> _What is expected_
Return, exactly and with nothing added, the line with "Truyện Tranh Vua Quỷ Beelzebub trang 6" together with all lines after it through the end of the data below. No pictures belong in the copy.

------ Data segment

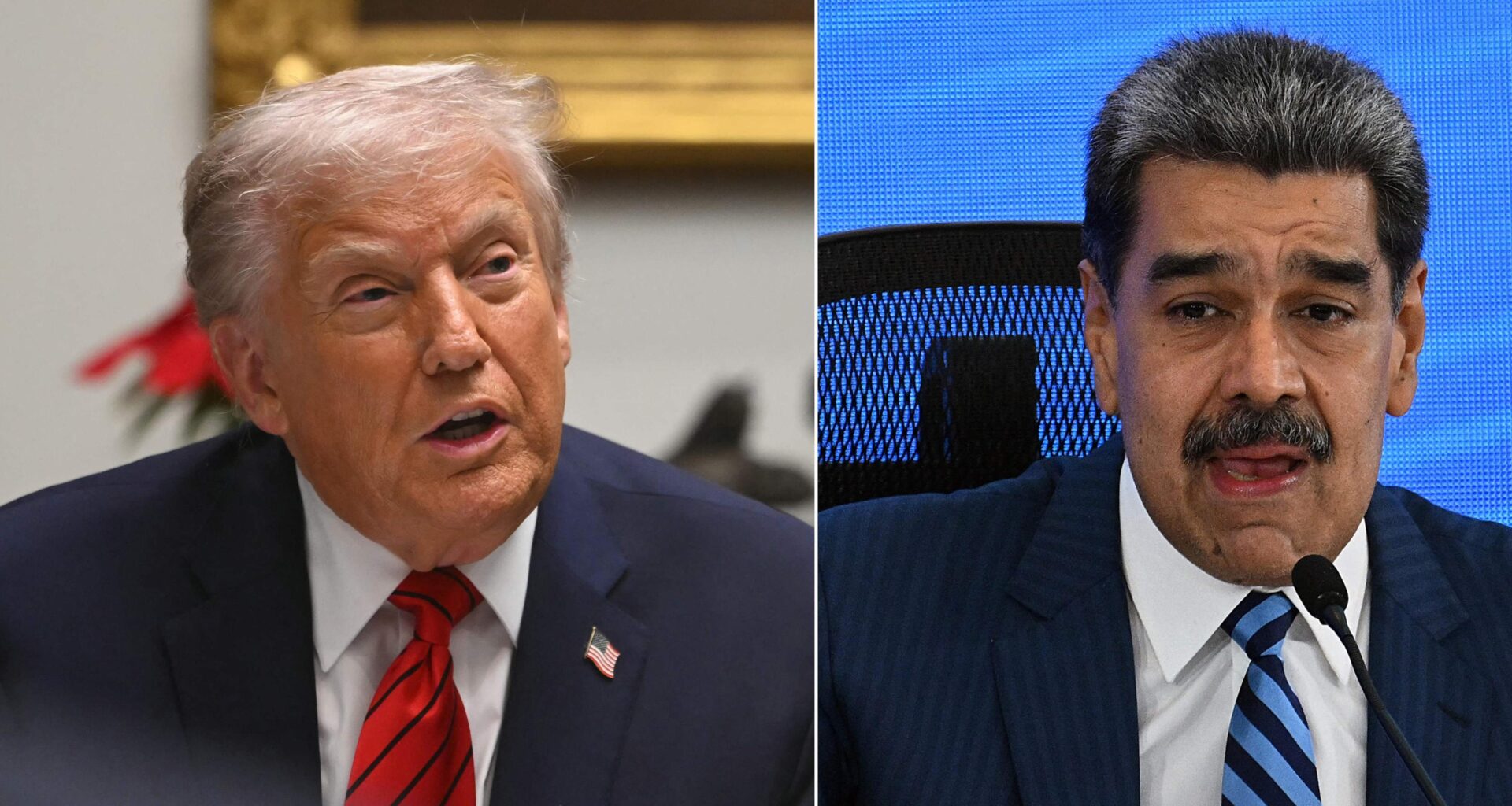 Trump y Maduro exageran para movilizar a sus bases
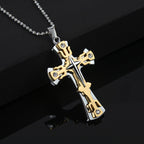 Trendy Divine Necklace - SJB-DIAMOND ELITES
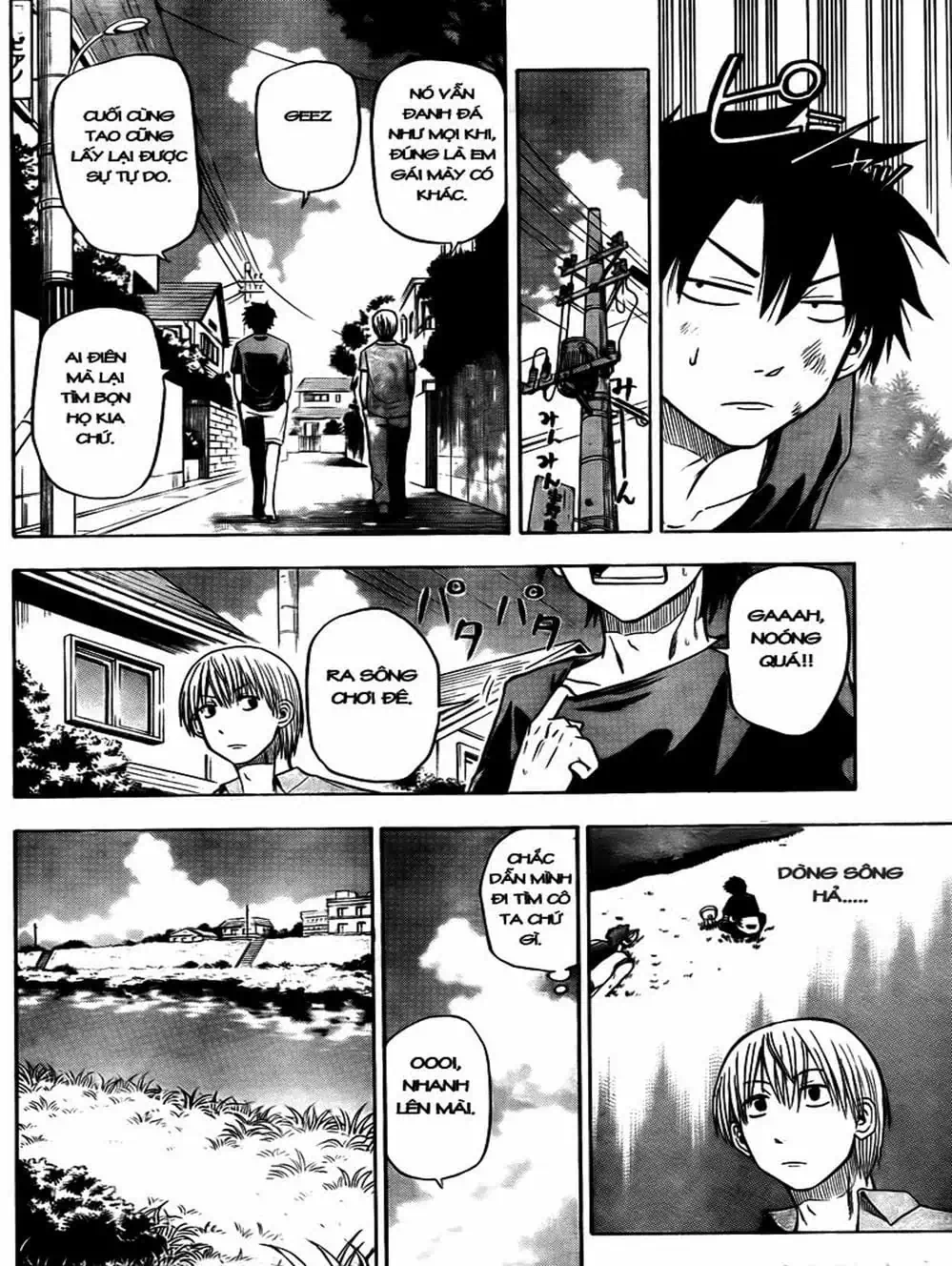 Truyện Tranh Vua Quỷ Beelzebub trang 6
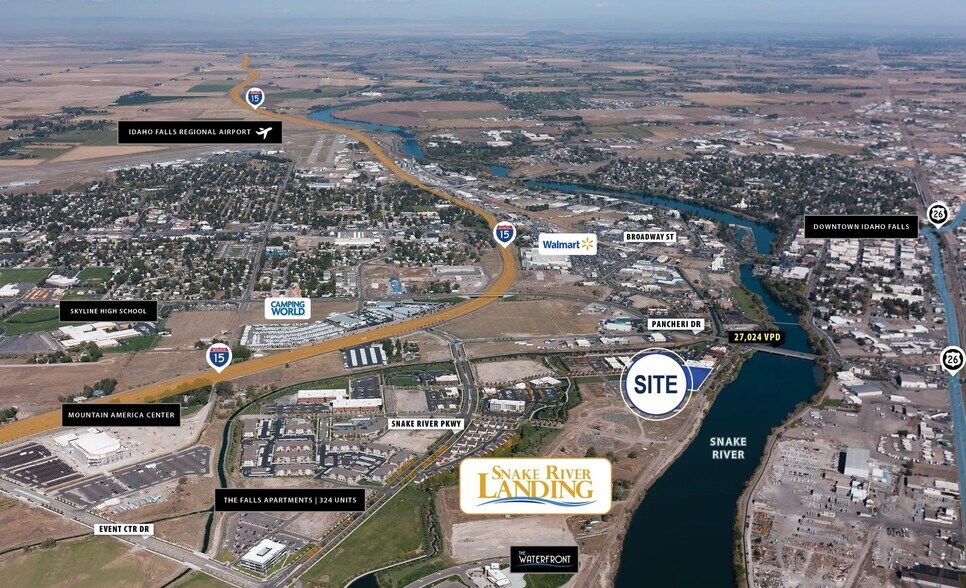 More Photos Of 901 Pier View Dr, Idaho Falls Office For Lease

------------

> _Written reply_
 Truyện Tranh Vua Quỷ Beelzebub trang 6
 More Photos Of 901 Pier View Dr, Idaho Falls Office For Lease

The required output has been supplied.